_What is needed_. Please set down only the lines running from the one with "Explore the graph:Reflected" through the last line of the entries, exactly as written and without any pictures.

_Short text fragments from websites_.
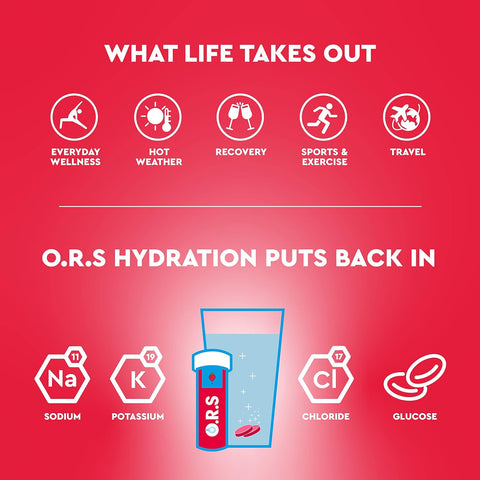 O.R.S Hydration Tablets with Electrolytes Natural Strawberry Flavour 96 Tablets (Pack of 4 x 24)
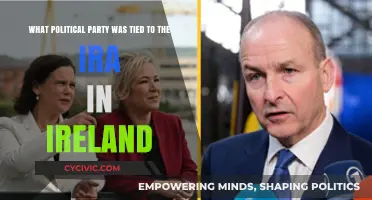 Sinn Féin's Historical Ties to the IRA in Irish Politics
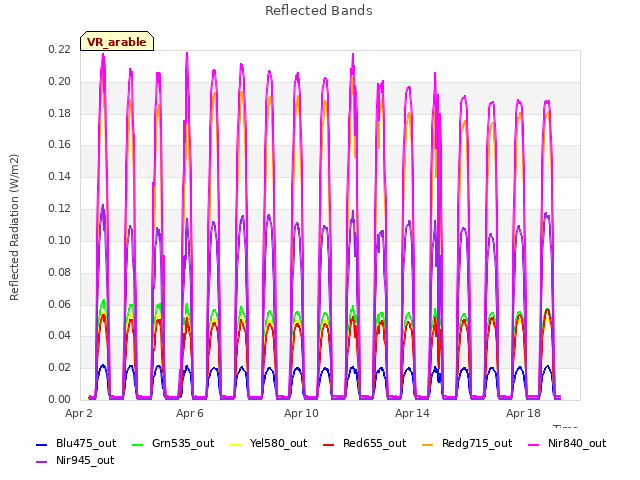 Explore the graph:Reflected Bands in a new window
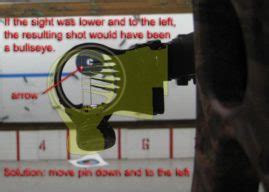 How to Adjust a Bow Sight for Maximum Accuracy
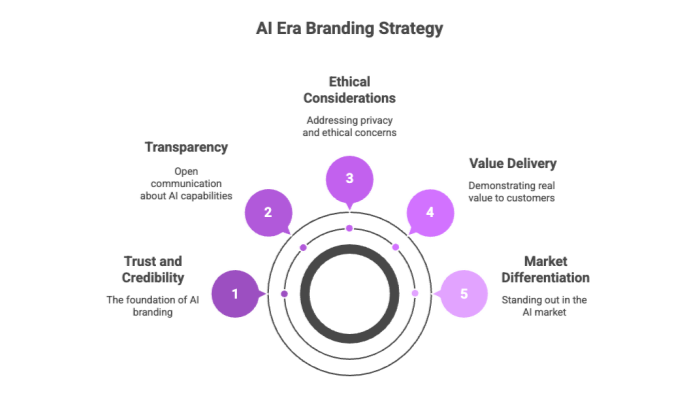 AI Era Branding Strategy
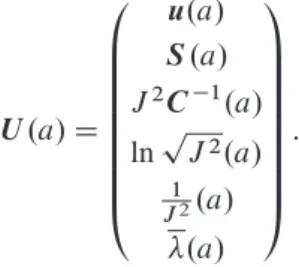 Figure 14. Comparison between the PGD–ANM solution, at different expansion orders, and that for a standard finite element solution for a load at a particularized position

_Reply to the exercise_.
 Explore the graph:Reflected Bands in a new window
 How to Adjust a Bow Sight for Maximum Accuracy
 AI Era Branding Strategy
 Figure 14. Comparison between the PGD–ANM solution, at different expansion orders, and that for a standard finite element solution for a load at a particularized position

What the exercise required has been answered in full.